The problem -
Given the entries below, would you transcribe exactly the lines starting at the one with "Traitement et changement" and ending at the one with "X0000110871508200906180957", both kept, pictures omitted, nothing extra?

Short descriptive text snippets
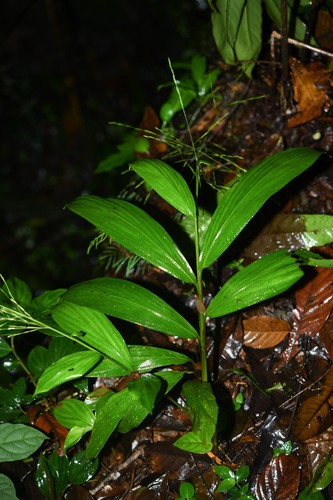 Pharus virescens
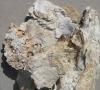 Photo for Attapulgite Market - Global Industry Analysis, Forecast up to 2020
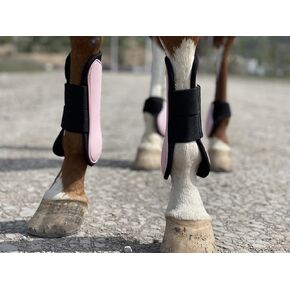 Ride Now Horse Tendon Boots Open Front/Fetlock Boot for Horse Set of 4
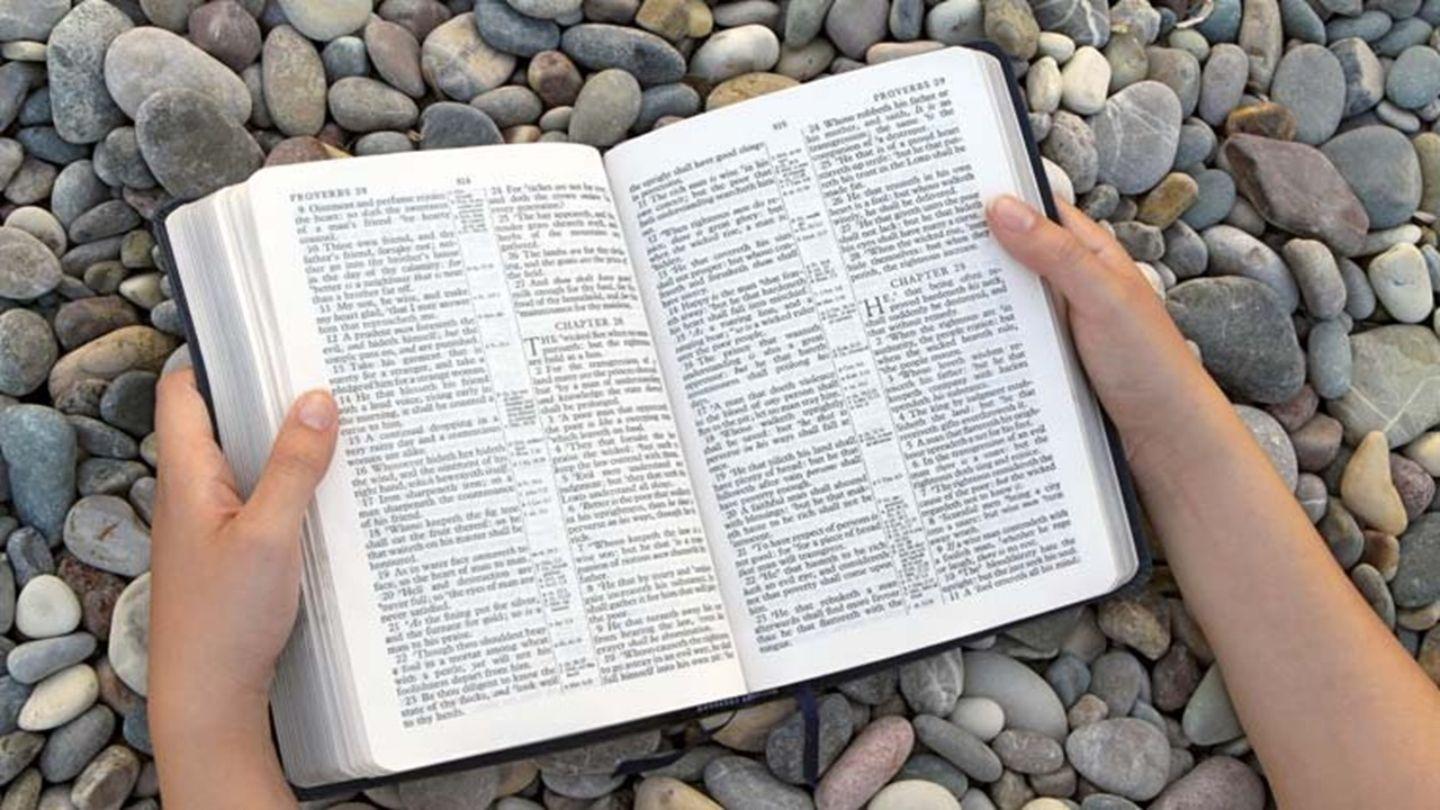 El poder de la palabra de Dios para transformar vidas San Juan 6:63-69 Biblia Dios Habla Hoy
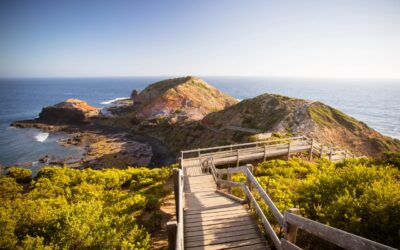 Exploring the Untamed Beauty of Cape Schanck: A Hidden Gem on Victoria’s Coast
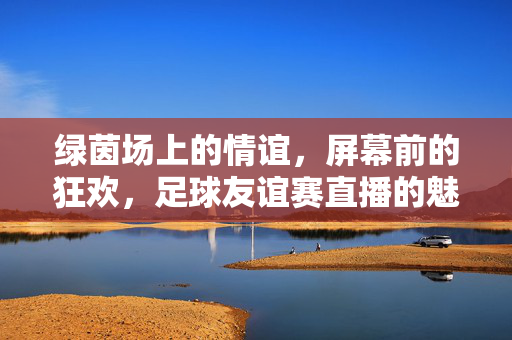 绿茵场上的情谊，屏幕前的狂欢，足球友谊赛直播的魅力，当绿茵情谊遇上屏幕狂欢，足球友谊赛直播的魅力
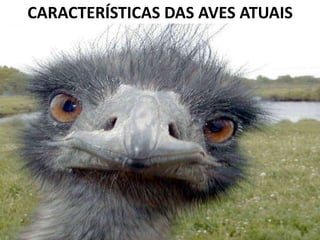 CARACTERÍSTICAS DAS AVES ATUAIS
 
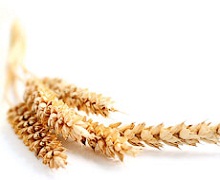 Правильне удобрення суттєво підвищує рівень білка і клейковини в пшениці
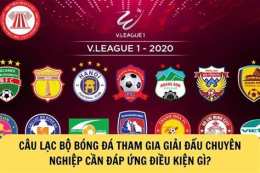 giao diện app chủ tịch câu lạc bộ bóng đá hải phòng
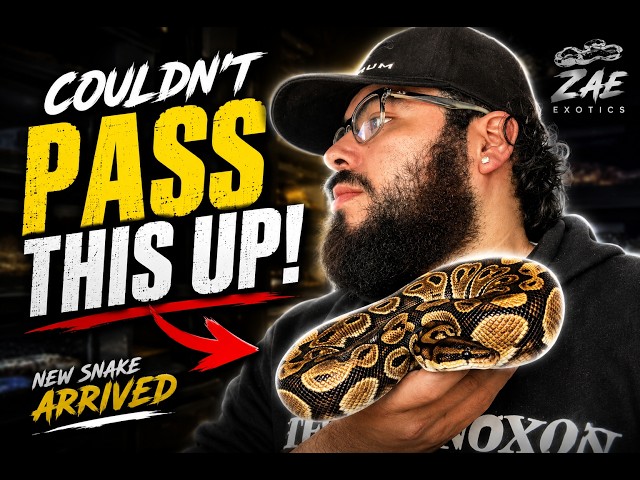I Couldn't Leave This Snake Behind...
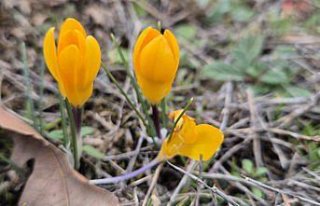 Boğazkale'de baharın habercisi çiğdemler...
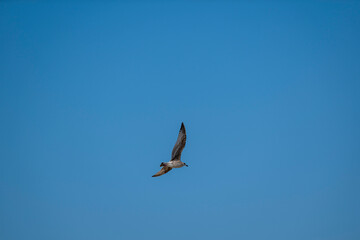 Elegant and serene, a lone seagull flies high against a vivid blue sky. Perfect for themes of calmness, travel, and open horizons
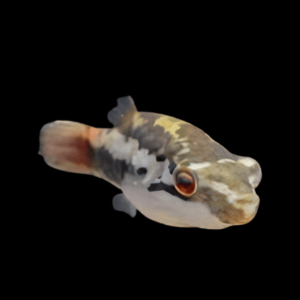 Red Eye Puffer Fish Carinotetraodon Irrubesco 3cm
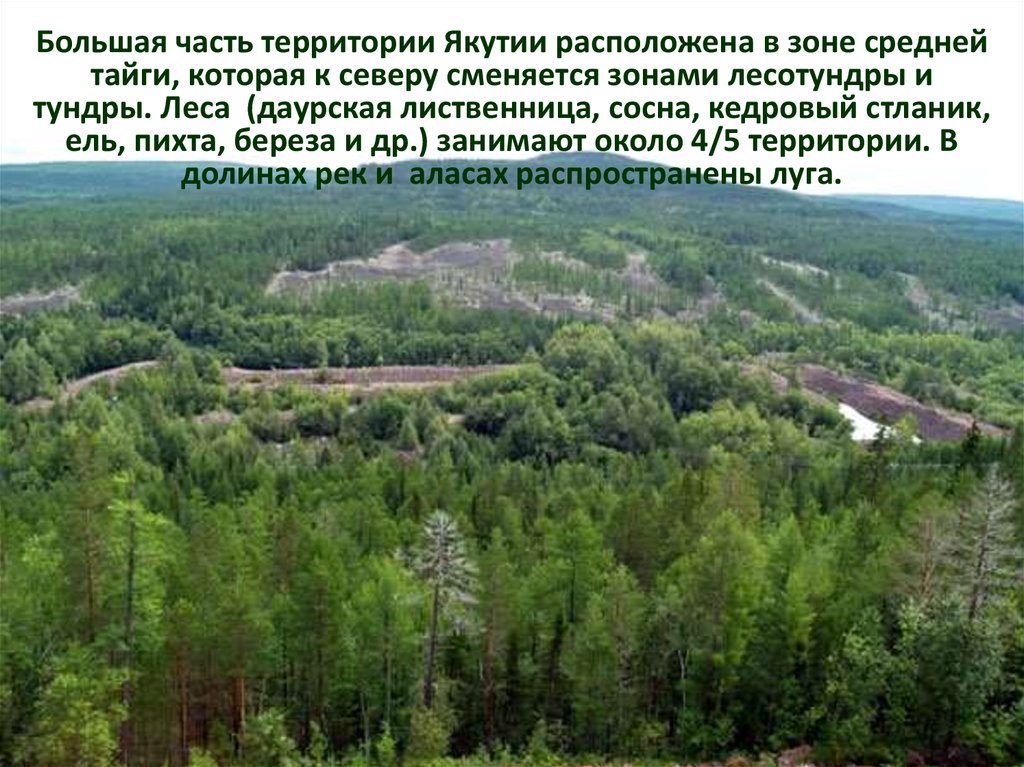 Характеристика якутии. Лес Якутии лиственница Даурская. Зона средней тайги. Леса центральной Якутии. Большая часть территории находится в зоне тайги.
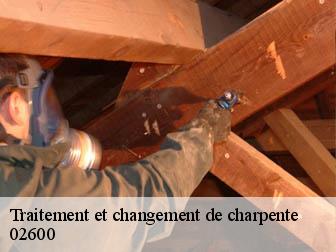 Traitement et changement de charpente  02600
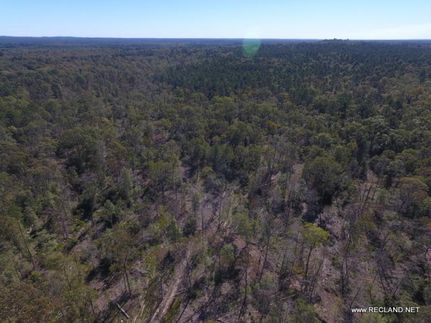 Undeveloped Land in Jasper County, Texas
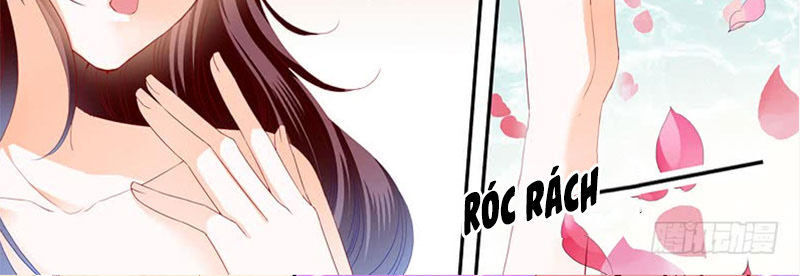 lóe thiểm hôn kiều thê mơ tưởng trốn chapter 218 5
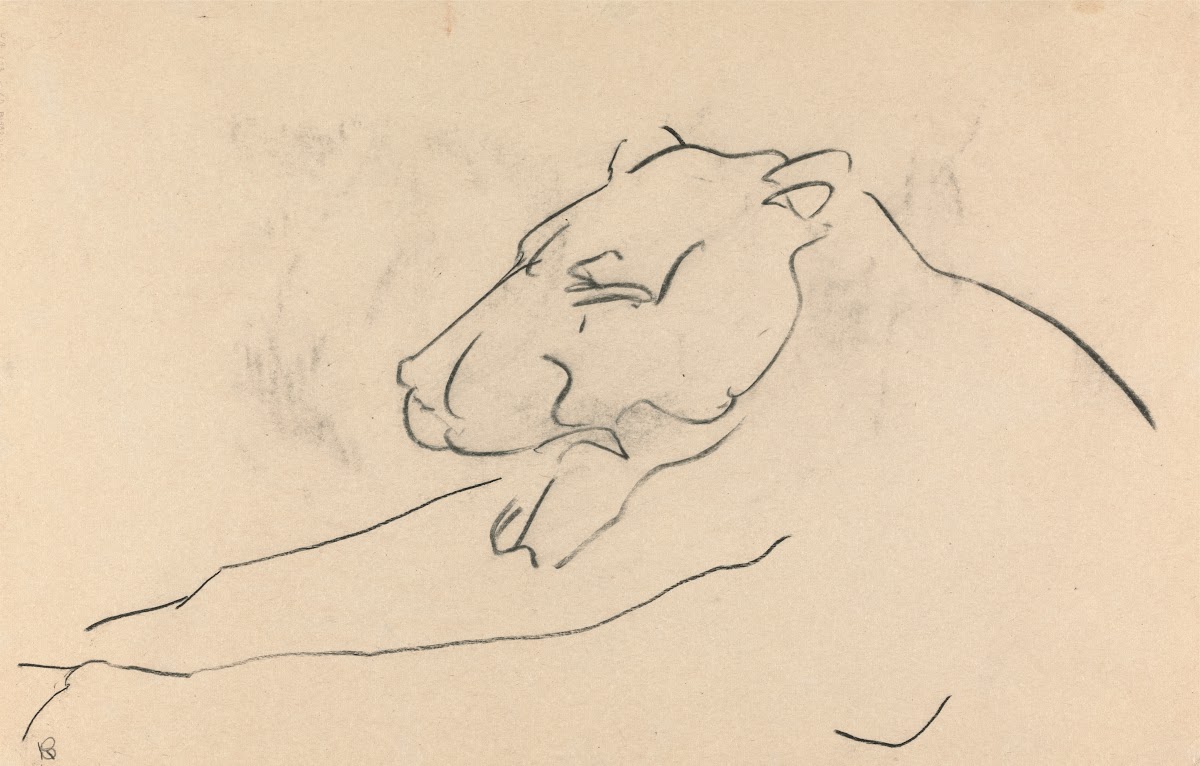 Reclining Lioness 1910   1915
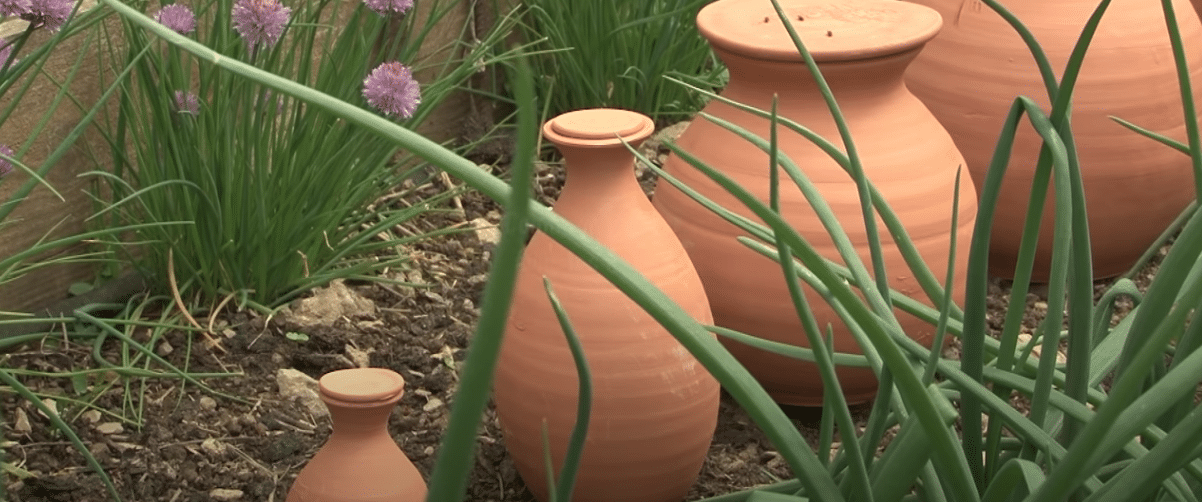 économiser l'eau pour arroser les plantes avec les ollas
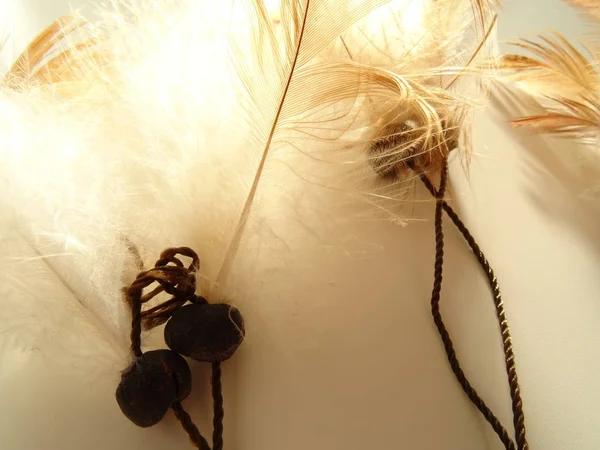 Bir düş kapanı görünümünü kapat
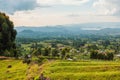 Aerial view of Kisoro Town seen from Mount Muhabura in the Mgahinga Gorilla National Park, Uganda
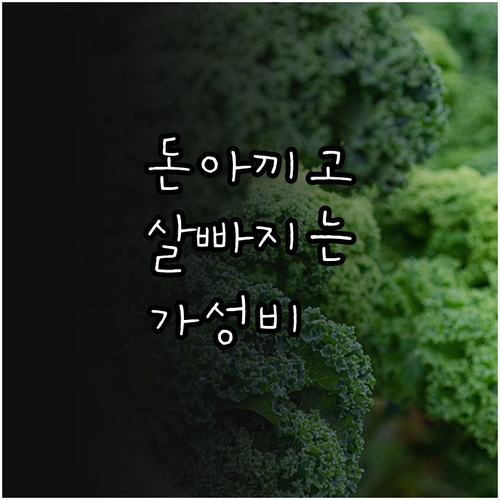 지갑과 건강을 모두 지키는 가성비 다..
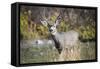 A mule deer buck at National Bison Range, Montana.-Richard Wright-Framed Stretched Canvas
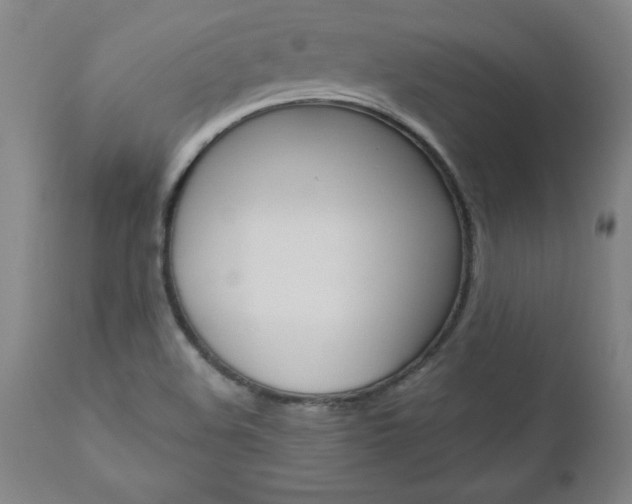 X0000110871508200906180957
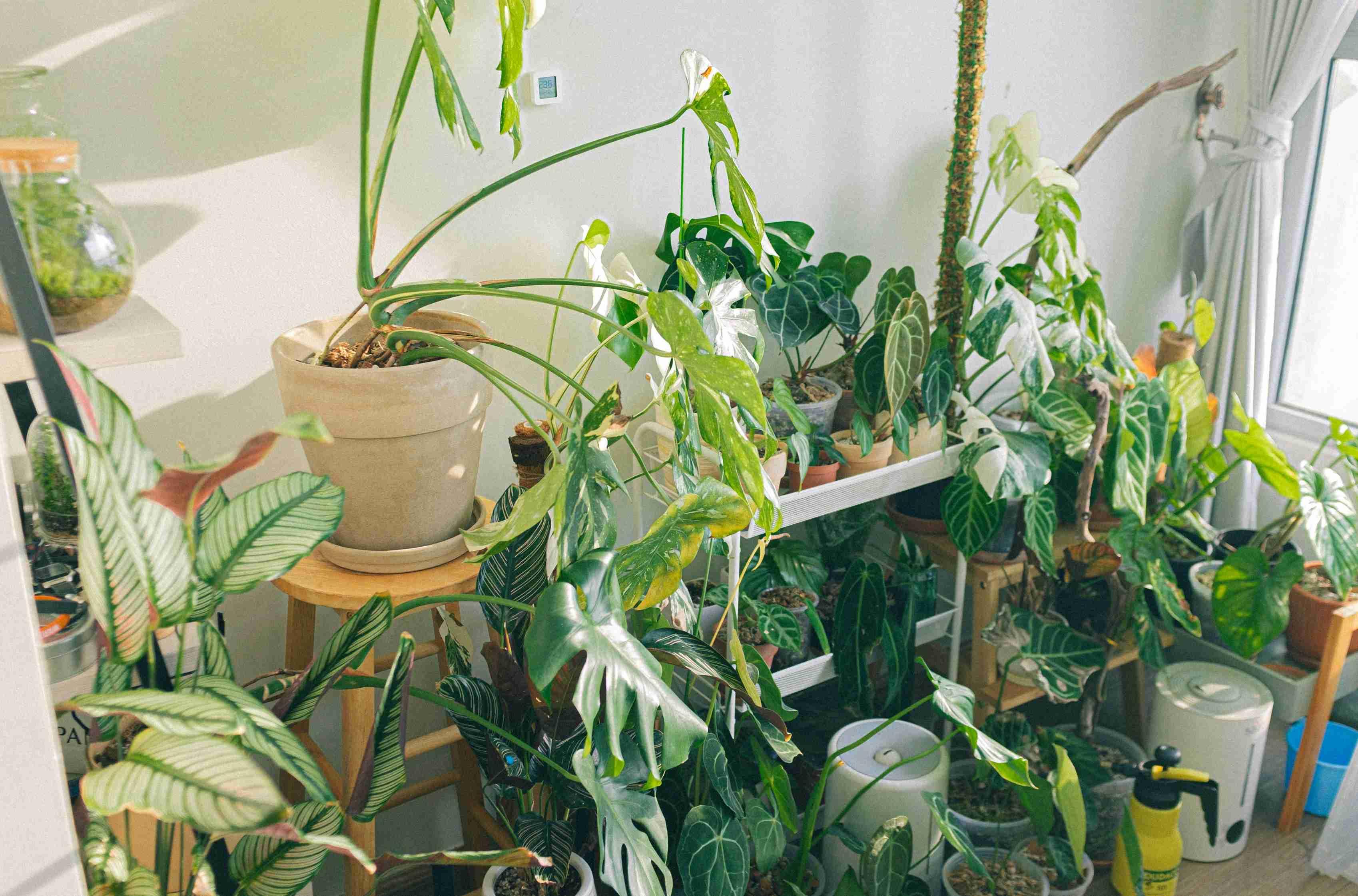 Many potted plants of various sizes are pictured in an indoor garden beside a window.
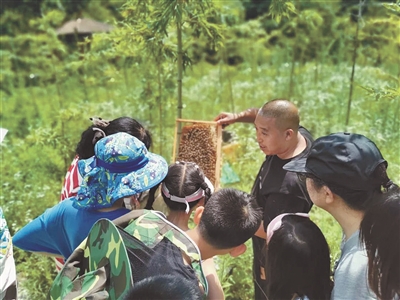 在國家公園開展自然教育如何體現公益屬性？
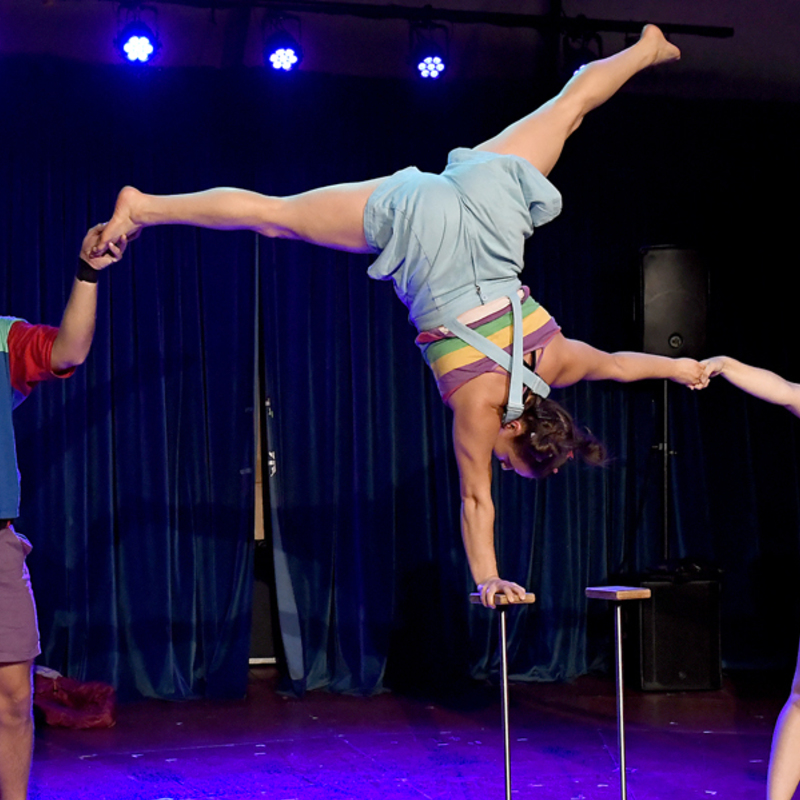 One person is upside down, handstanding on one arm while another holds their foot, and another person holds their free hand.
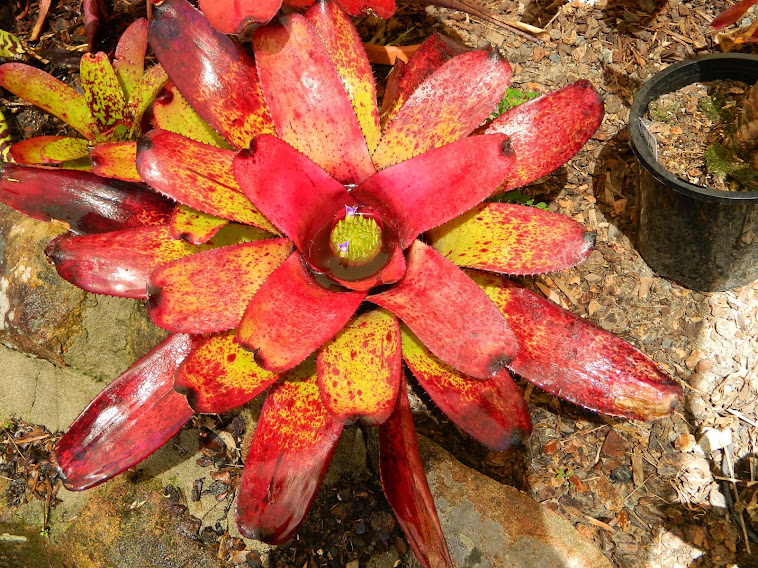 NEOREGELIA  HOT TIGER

Solution to the exercise -
 Traitement et changement de charpente  02600
 Undeveloped Land in Jasper County, Texas
 lóe thiểm hôn kiều thê mơ tưởng trốn chapter 218 5
 Reclining Lioness 1910   1915
 économiser l'eau pour arroser les plantes avec les ollas
 Bir düş kapanı görünümünü kapat
 Aerial view of Kisoro Town seen from Mount Muhabura in the Mgahinga Gorilla National Park, Uganda
 지갑과 건강을 모두 지키는 가성비 다..
 A mule deer buck at National Bison Range, Montana.-Richard Wright-Framed Stretched Canvas
 X0000110871508200906180957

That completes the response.